The two respects that set this case apart are: first, the fact that the agency decision maker has already made a substantial disclosure as to the deliberative process, as reflected in Mr. Colleran's February 2011 letter to investors, and second, the agency's initial and continuing role in this civil case, as contemplated in the Consent Judgment, despite the fact that the agency is not a party. The Consent Judgment required Plaintiffs to bring this action.Moreover, the Attorney General is not a passive spectator in these proceedings. The Attorney General can prevent Plaintiffs from settling this action if it determines the terms are "unacceptable, " an undefined, and thus highly discretionary standard.

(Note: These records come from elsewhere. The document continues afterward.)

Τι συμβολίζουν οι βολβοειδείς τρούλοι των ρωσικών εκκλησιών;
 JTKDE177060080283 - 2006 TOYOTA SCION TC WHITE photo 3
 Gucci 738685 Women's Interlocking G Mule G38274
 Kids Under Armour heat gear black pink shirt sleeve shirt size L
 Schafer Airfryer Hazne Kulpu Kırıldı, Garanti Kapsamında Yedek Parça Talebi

The common law has long recognized that a party may not put a communication into issue in litigation and then assert a privilege as to that communication, as is evident in modern-day privilege rules. See, e.g., M.R. Evid. 502(d)(3); MR. Evid. 503(e)(3).

Under the peculiar circumstances of this case, the Court concludes that the documents filed in camera should be produced to the Defendants. The information cannot be obtained from any other source, and its relevance and central significance to this case can hardly be overstated. The Court does not reach this decision lightly, and cautious that the analysis is highly specific to the unusual circumstances of this case. Nevertheless, Defendants have met their burden and, with one redaction for privileged information unrelated to tins case in an internal memorandum, the Court grants Defendant's motion to compel with respect to the documents filed in camera. On the other hand, based on the present record, the Court has no intention of permitting any further inquiry into the agency decision making process. No party will be allowed to bootstrap the disclosure mandated by this Order into further discovery that would not have been allowed in the absent of the disclosure mandated by this Order. In other words, the parties will have to work with the data they have, and will get by virtue of this Order.

The documents filed in camera were not indexed or Bates stamped, but the redacted document is the first page of a memo dated March 22, 2010. The Court is redacting the first paragraph and the final, partial paragraph of that single-paged document.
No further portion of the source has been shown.